Let $(\Omega, \mathcal{F}, (\mathcal{F}_n)_n, P)$ be a probability space equipped with a filtration, and let $(P_n)_n$ be a sequence of random probabilities adapted to $(\mathcal{F}_n)_n$. By that I mean that $P_n: \mathcal{F} \times \Omega \to [0,1]$ is a probability measure on $(\Omega, \mathcal{F})$ in its first argument and a $\mathcal{F}_n$-measurable random variable in its second argument. Assume that $P_1(A, \omega) = P(A)$.

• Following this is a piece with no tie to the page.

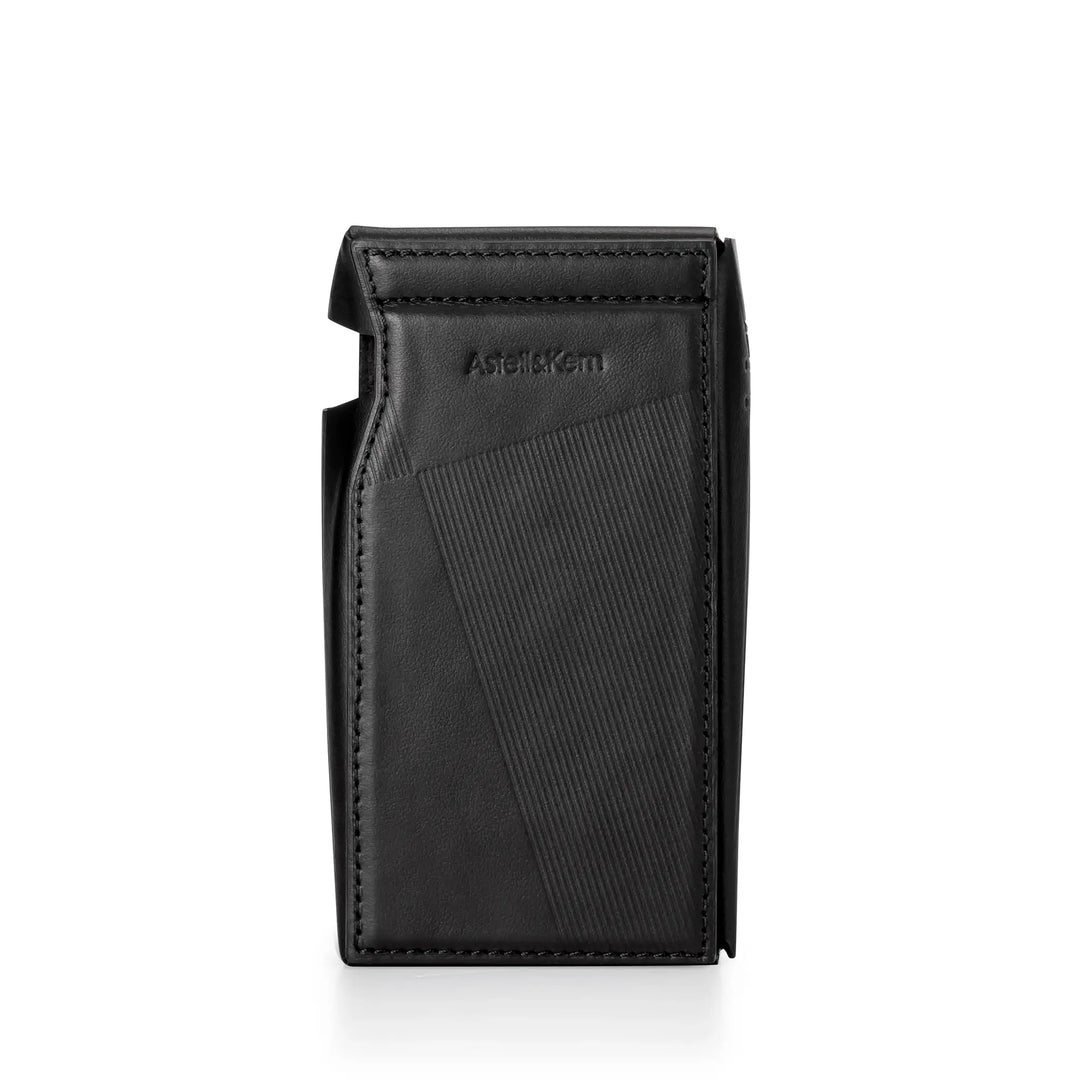 Astell&Kern A&ultima SP3000M Case Leather Case | Bloom Audio Astell&Kern A&ultima SP3000M Case Leather Case | Bloom Audio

I'm wondering if the following property is well-known and if it has any interesting consequences:
For all $n$, all $m > n$, ($P$-almost) all $\omega \in \Omega$, and all $A \in \mathcal{F}$, $$P_n(A, \omega) = \int P_m(A, \omega')P_n(d\omega', \omega).$$
It seems plausible to me, for instance, that this property could guarantee that $(P_n(A))_n$ has an almost sure limit for every $A$, but I haven't been able to prove it yet.

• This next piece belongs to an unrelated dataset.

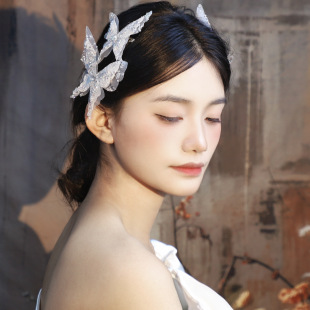 �¿���Ƭ�ٽz��荺����l�A��Ů�������b�l鼆�Y�������Ʒ�^�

Mainly, I'm just wondering if this property has been studied, and if so, what a good reference is.
I'll address a slightly different question, namely, about a similar family satisfying $$ P_n(A, \omega) = \int_\Omega P_m(A, \omega')P_n(d\omega', \omega) \tag{1} $$ for all $A\in\mathcal F$, almost all $\omega\in \Omega$, and all $m\ge n$ (so I assume that the equality also holds for $m=n$).

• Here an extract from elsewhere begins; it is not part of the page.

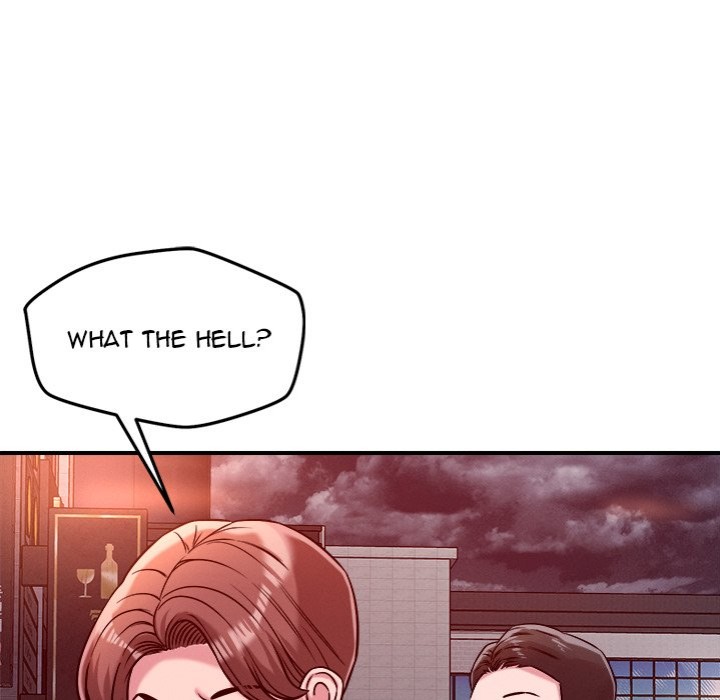 How did we get here Lee Ji-Kyung - Chapter 51 - picture 21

I claim that in this case $P_n(A,\omega) = P(A\mid \mathcal G_n)$ for some $\sigma$-algebra $\mathcal G_n$ such that $\mathcal G_n \subset \mathcal F_n\cap \mathcal G_{n+1}$.
For $X\in L^1(\Omega)$ define $$ E_n X = \int_{\Omega} X(\omega')P_n(d\omega',\omega). $$ Then $(1)$ is equivalent to: $$ E_n E_m = E_{n}, m\ge n. \tag{2} $$ Also note that $E_1 X = E[X]$.
Setting $n=m$ in $(2)$, we get $E_n^2 = E_n$, so $E_n$ is a projection. Note also that $E_n$ is positive and $$ E[|E_n X|]\le E[E_n |X|] = E_1 E_n |X| = E_1|X| = E[|X|], $$ so $E_n$ is contractive in $L^1(\Omega,\mathcal F,P)$. Finally, since $P_n$ is a probability measure, $E_n \mathbf{1} = \mathbf{1}$. Therefore, by Douglas' Theorem (Corollary 4 here), there exists some $\sigma$-algebra $\mathcal G_n$ such that $E_n X = E[X\mid \mathcal G_n]$. Owing to the assumption that $P_n$ is $\mathcal F_n$-measurable in the second argument, we have $\mathcal G_n\subset \mathcal F_n$. The fact that $\mathcal G_{n}\subset \mathcal G_{n+1}$ follows from $(2)$ applied to $m=n+1$.